Required work: Your task is to print, exactly and only, the lines from the start of the entries below through the line with "a kitchen with". Include both ends, but skip the pictures.

++++ Listed records ++++

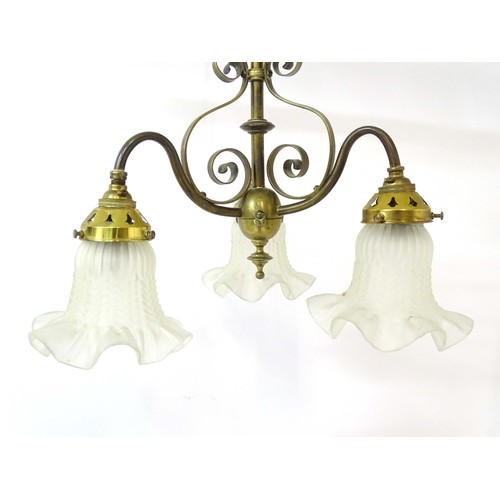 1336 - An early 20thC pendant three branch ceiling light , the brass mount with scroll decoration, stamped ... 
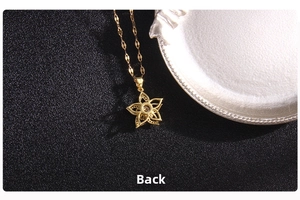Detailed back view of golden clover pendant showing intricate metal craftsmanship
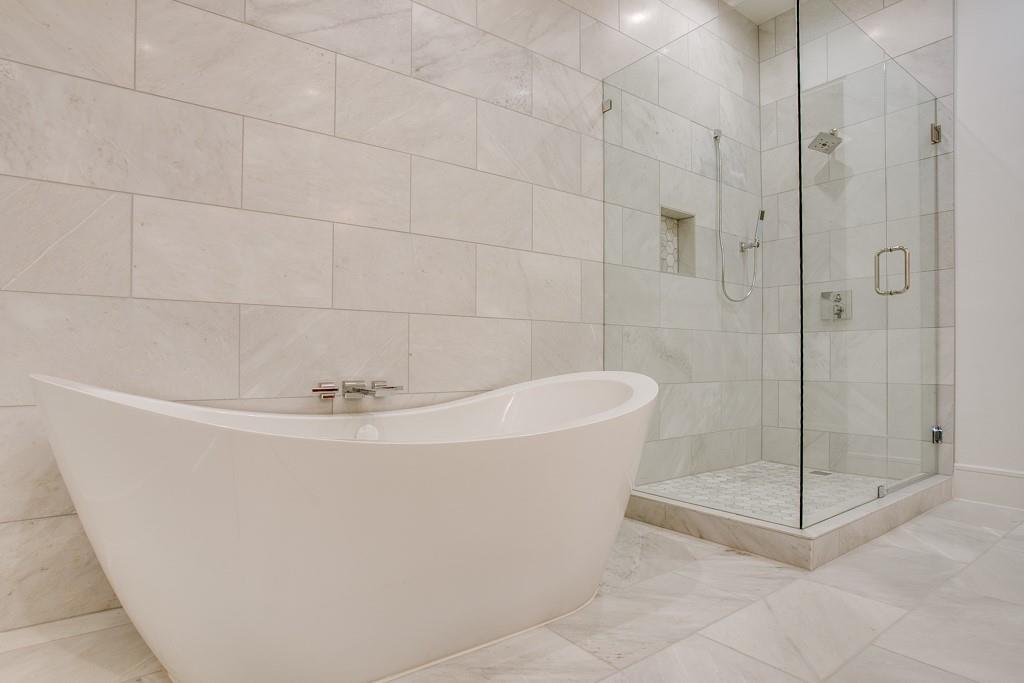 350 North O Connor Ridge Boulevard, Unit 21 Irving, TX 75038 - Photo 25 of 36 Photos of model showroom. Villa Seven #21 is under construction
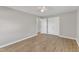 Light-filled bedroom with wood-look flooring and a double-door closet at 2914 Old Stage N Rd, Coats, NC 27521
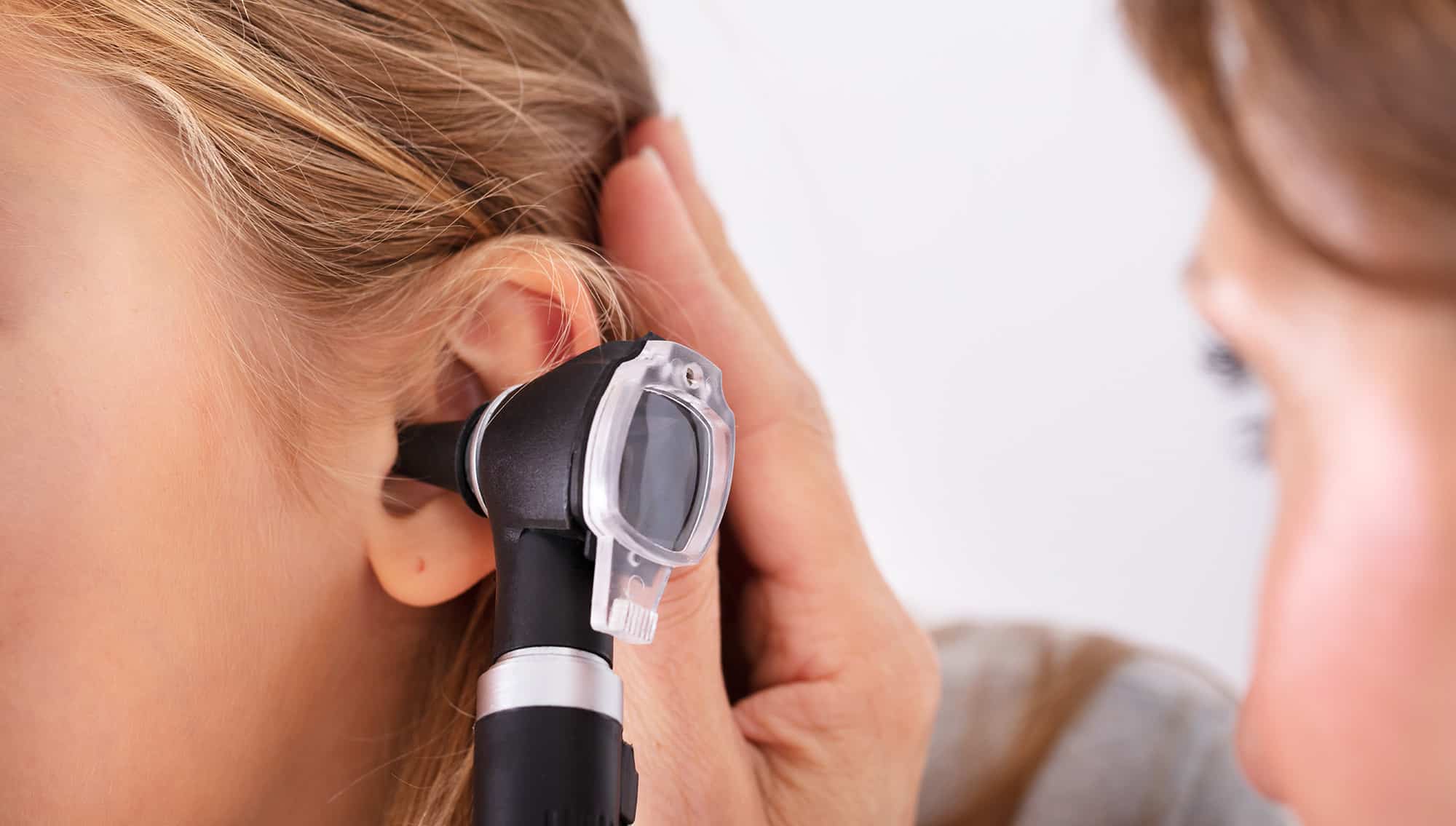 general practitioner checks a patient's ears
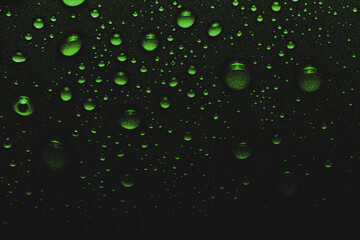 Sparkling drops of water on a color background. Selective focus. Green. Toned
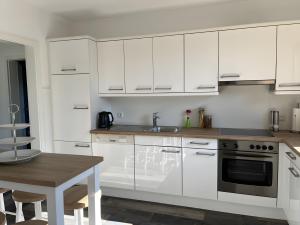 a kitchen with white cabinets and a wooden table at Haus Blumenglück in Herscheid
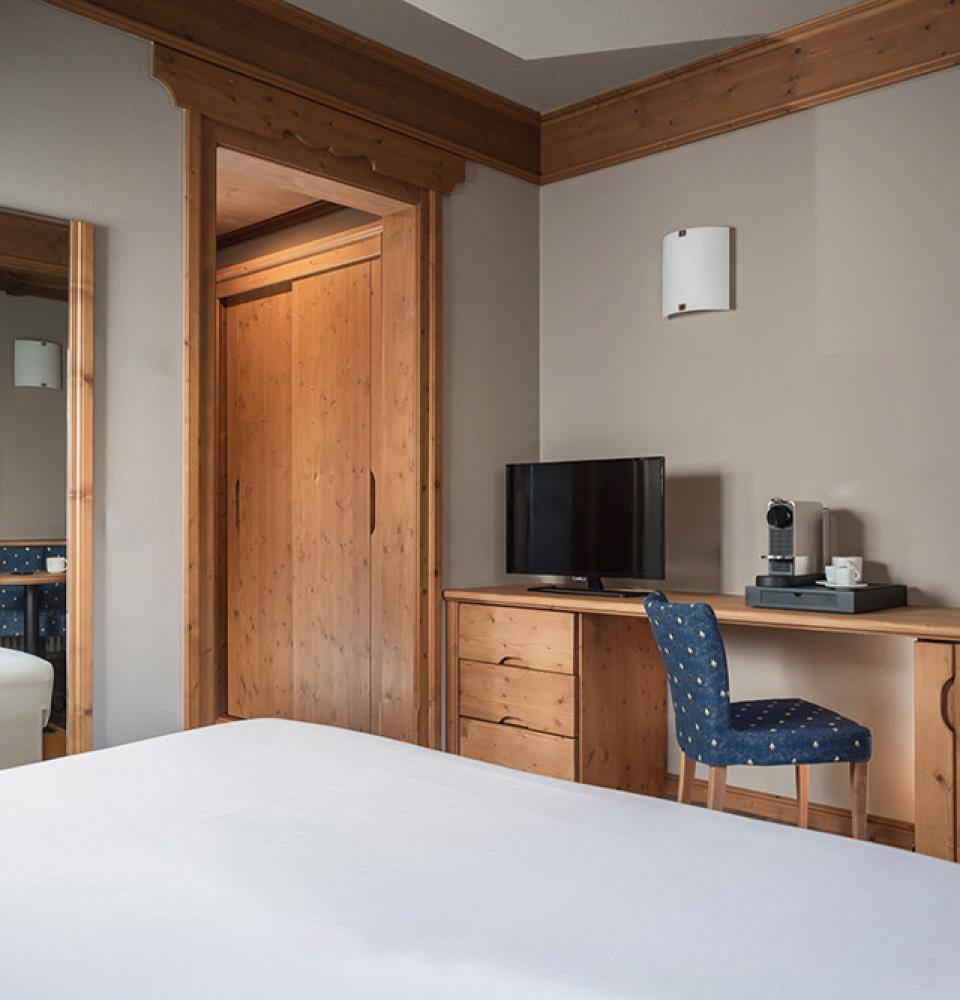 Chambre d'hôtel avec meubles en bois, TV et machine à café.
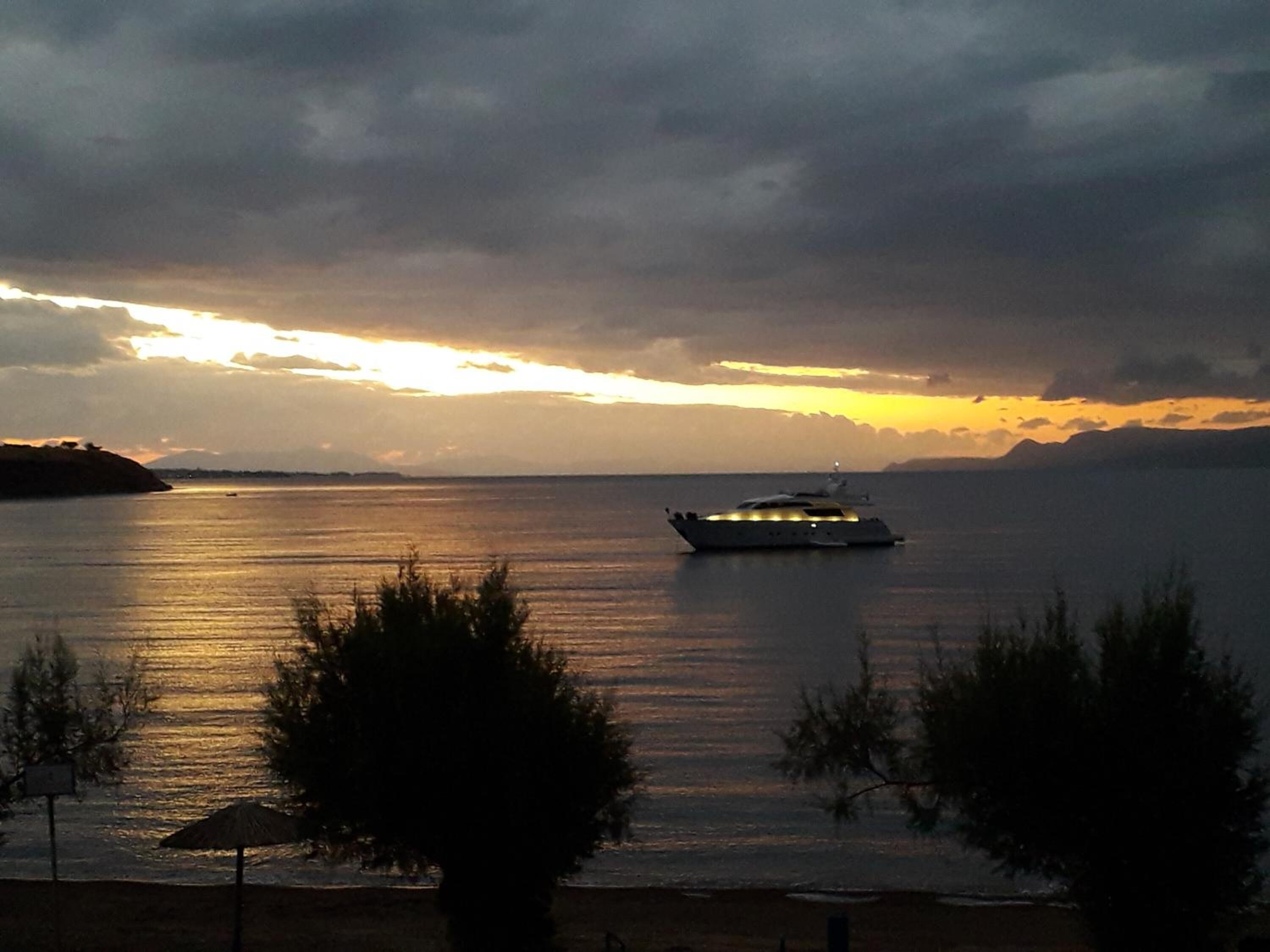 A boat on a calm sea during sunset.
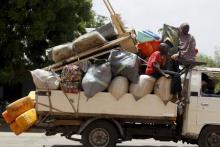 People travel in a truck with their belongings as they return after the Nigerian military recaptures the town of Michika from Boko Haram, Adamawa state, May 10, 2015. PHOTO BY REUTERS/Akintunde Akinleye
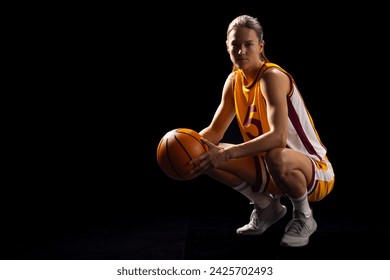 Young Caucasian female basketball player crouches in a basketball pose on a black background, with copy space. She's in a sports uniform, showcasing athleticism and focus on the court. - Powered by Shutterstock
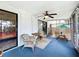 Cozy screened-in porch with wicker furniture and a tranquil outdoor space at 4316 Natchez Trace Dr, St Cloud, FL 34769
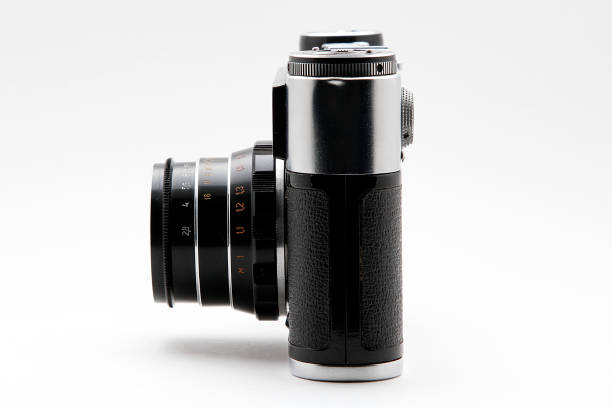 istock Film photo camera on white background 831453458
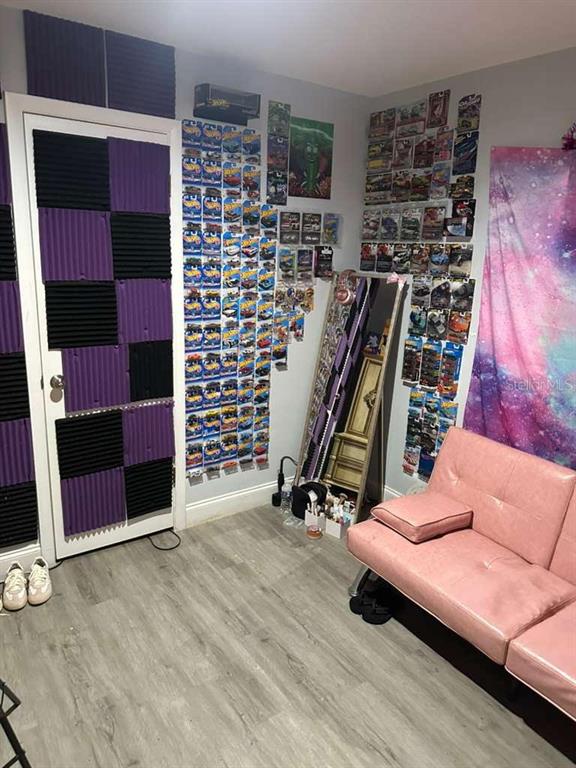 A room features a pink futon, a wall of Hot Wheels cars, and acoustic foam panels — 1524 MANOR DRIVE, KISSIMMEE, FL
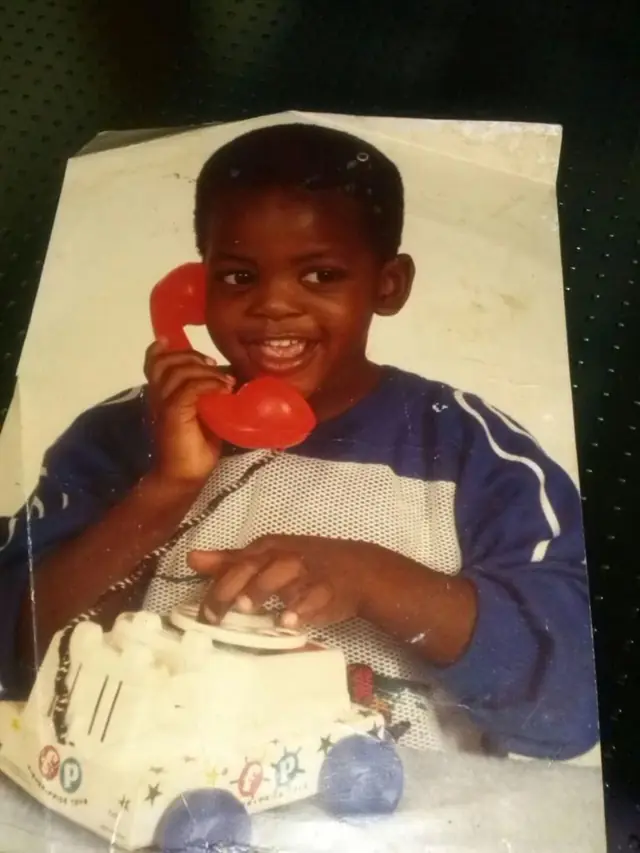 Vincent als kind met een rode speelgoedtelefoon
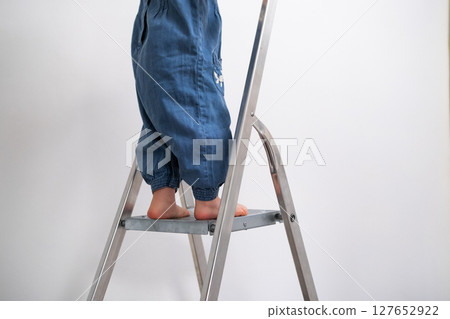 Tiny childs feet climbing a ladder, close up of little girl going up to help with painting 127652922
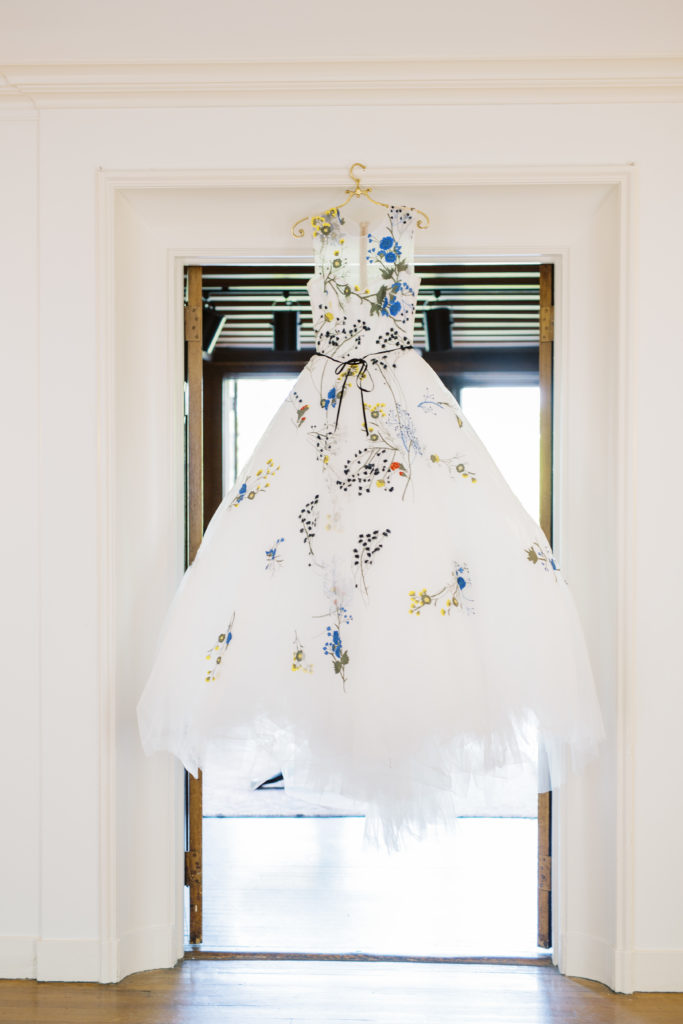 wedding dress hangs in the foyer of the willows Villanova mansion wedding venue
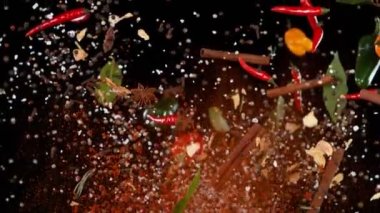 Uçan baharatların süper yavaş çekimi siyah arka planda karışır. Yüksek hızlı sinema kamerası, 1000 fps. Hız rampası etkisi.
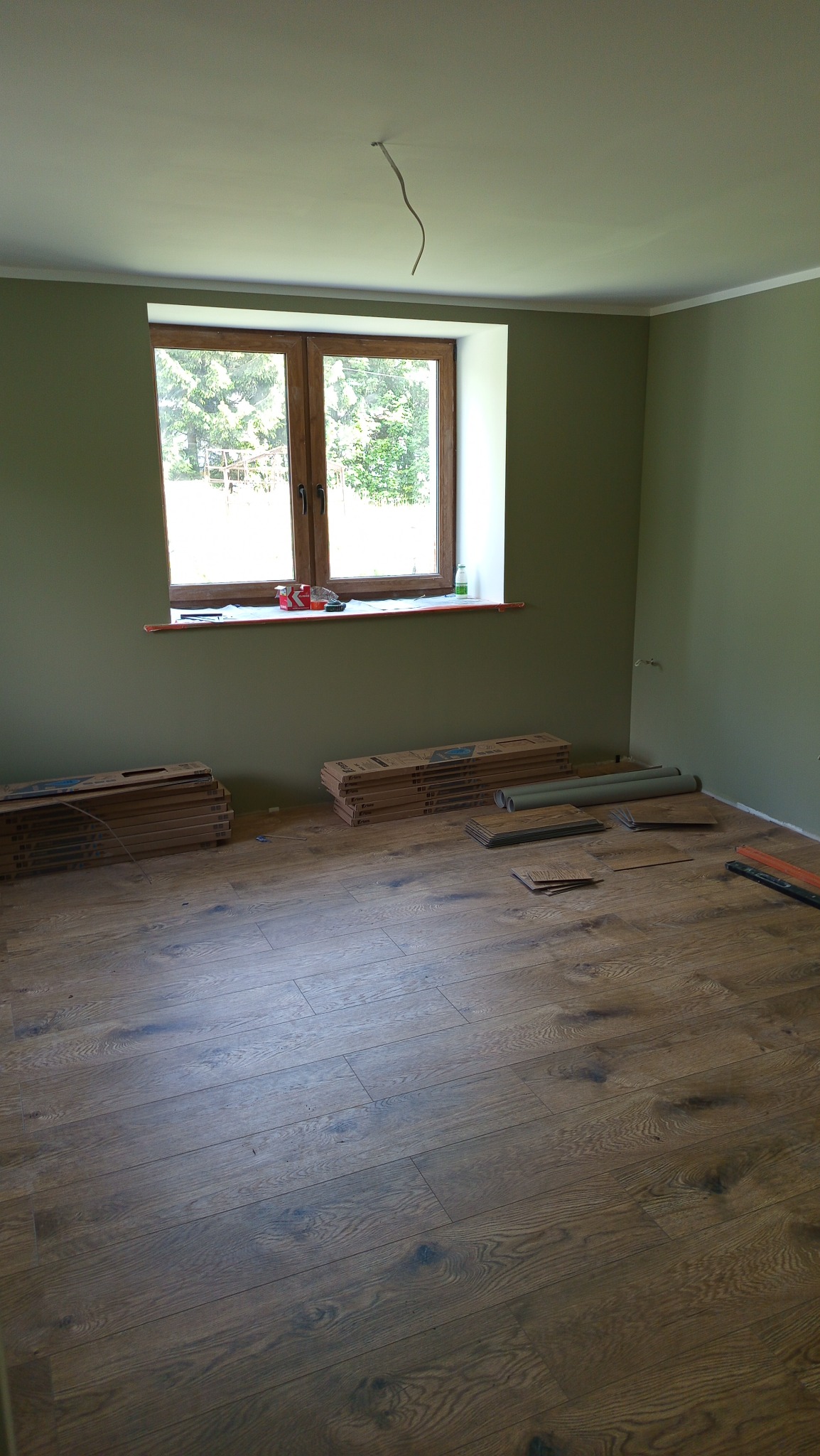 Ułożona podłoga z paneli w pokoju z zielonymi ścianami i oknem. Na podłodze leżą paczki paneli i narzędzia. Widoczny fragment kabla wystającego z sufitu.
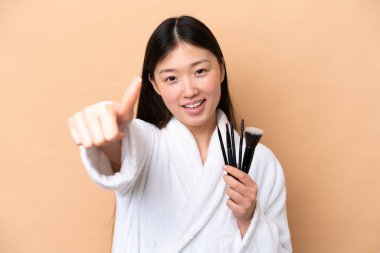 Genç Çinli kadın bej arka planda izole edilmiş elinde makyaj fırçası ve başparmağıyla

++++

Solution for this task:
 1336 - An early 20thC pendant three branch ceiling light , the brass mount with scroll decoration, stamped ... 
Detailed back view of golden clover pendant showing intricate metal craftsmanship
 350 North O Connor Ridge Boulevard, Unit 21 Irving, TX 75038 - Photo 25 of 36 Photos of model showroom. Villa Seven #21 is under construction
 Light-filled bedroom with wood-look flooring and a double-door closet at 2914 Old Stage N Rd, Coats, NC 27521
 general practitioner checks a patient's ears
 Sparkling drops of water on a color background. Selective focus. Green. Toned
 a kitchen with white cabinets and a wooden table at Haus Blumenglück in Herscheid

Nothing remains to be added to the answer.